New Delhi: Veteran Bharatiya Janata Party leader Lal Krishna Advani, who also served as the Deputy Prime Minister of the country between 2002-2004, has been awarded the nation’s highest civilian award, the Bharat Ratna, a press communique from the Rashtrapati Bhavan informed here today.
Advani is the second person to be conferred the Bharat Ratna this year after Karpoori Thakur who was given the award posthumously.
“The President has been pleased to award Bharat Ratna to Shri Lal Krishna Advani,” the Rashtrapati Bhavan press communique stated.
Born on November 8, 1927, Advani grew up in pre-Partition Sindh, and joined the Rashtriya Swayamsevak Sangh as a student in St.Patrick’s School, Karachi, when he was just fourteen years old.Prime Minister Narendra Modi took to social media platform X to share the news of Advani being conferred the Bharat Ratna. “I also spoke to him and congratulated him on being conferred this honour. One of the most respected statesmen of our times, his contribution to the development of India is monumental,” Modi tweeted and recalled that Advani’s life started from working at the grassroots to serving the nation as a Deputy Prime Minister. “He distinguished himself as our Home Minister and I&B Minister as well. His Parliamentary interventions have always been exemplary, full of rich insights,” Modi stated. Modi went on to state that Advani’s decades-long service in public life was marked by an “unwavering commitment to transparency and integrity, setting an exemplary standard in political ethics”.
“He has made unparalleled efforts towards furthering national unity and cultural resurgence. The conferring of the Bharat Ratna on him is a very emotional moment for me. I will always consider it my privilege that I got countless opportunities to interact with him and learn from him,” the Prime Minister stated and shared his photos with Advani on X.

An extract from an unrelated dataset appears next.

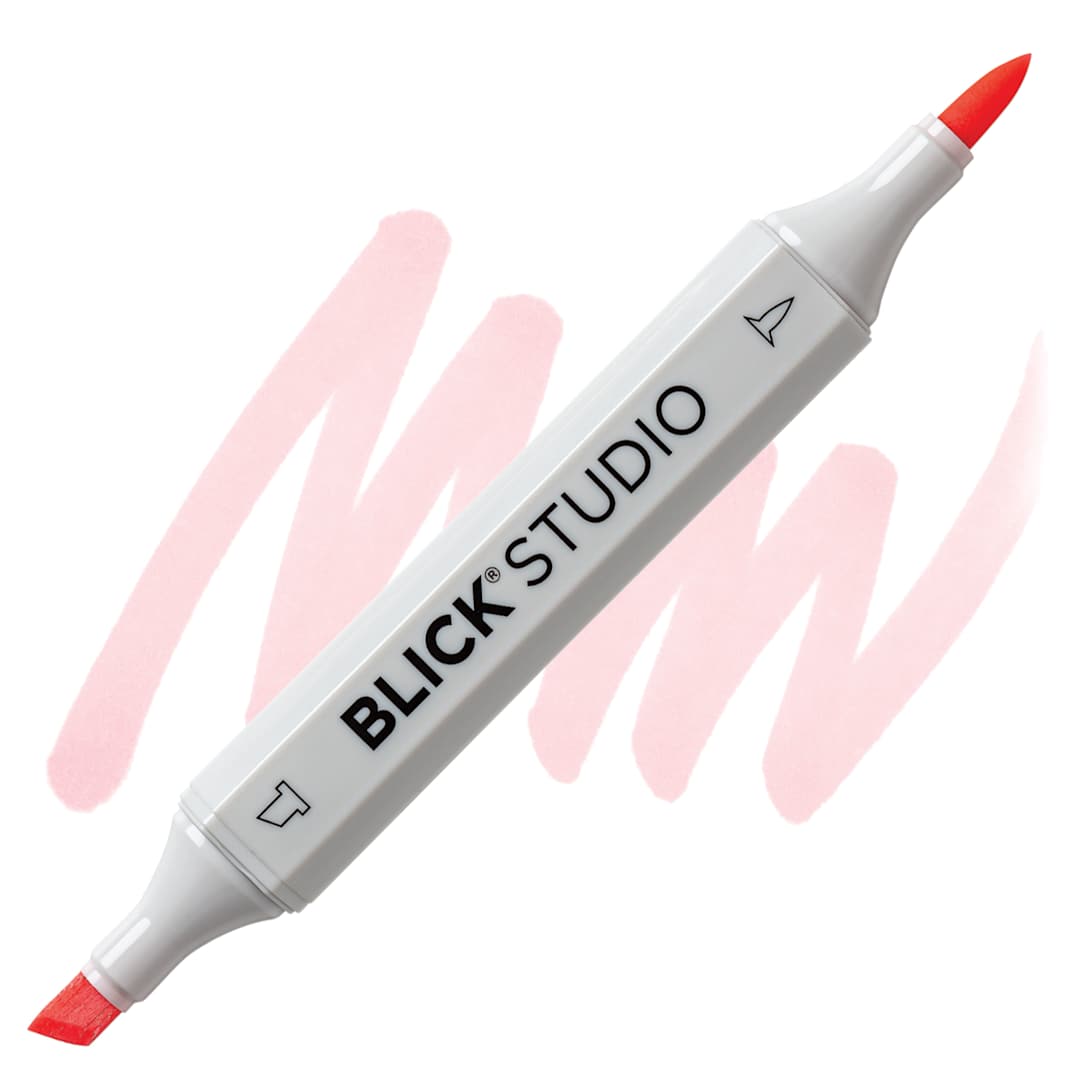 Open in modal - Blick Studio Brush Marker - Pink Pearl marker and swatch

Union Home Minister Amit Shah stated that the decision of Prime Minister Narendra Modi to honour Advani with ‘Bharat Ratna’ was “also an honour for crores of countrymen”. In a post on X Platform, Shah said Advani’s “immense contribution towards the party and ideology cannot be summed up in words”.
It may be mentioned that Advani along with the late Atal Behari Vajpayee were the two tallest Bharatiya Janata Party (BJP) leaders during the National Democratic Alliance (NDA) regime under the Prime Ministership of Vajpayee.
In the run-up to the 2009 elections, Advani was considered the BJP’s Prime Ministerial candidate for the general elections, ending on May 16, 2009. However, his hopes were dashed as the rival Congress-led United Progressive Alliance (UPA) returned to power for the second consecutive time.
After Modi assumed the office of the Prime Minister in 2014 following the BJP’s win in the general elections, he shifted Advani along with another former BJP president Murli Manohar Joshi to a newly created ‘Margdarshak Mandal’.
Advani served as the president of the BJP for the longest period since its inception in 1980. Earlier, he had also served as the president of the Bharatiya Jana Sangh (BJP’s parent organisation) in December 1972. He became a founding member of the BJP and in 1980, when the party was formed, he along with Sikandar Bakht and Suraj Bhan was given the responsibility of its general secretary while Vajpayee was elected its first president.
Through the latter half of the 1980s and the 1990s, Advani focused on building the BJP into a national political force. Between 1980 and 1986 he held the position of general secretary of the BJP. In May 1986 he became the president of the BJP and thereafter on March 3, 1988, he was re-elected as the president of the party. The results of his efforts were underscored by the 1989 General Election. The party bounced back from its 1984 tally of 2 to achieve an impressive 86 seats.
In the early 1980s, when the Vishwa Hindu Parishad (VHP) began a movement for the construction of a temple dedicated to the Hindu deity Rama at the site of the Babri Masjid in Ayodhya, under Advani, the BJP became the political face of the Ram Janmabhoomi campaign. In 1990, when the nation faced a tumultuous time in the wake of the implementation of the Mandal Commission report on caste-based reservation in education and government jobs, Advani embarked upon his now-famous Ram Rath Yatra to unify the Hindus divided along the caste lines. His yatra was stopped in Bihar and he was arrested by the Laloo Prasad Yadav government in the state.
However, the Ram Rath Yatra helped the BJP move up its position to 121 seats in 1992 and 161 in the 1996 general elections; In the 1996 elections, for the first time since independence, the BJP became the single largest party in the Lok Sabha.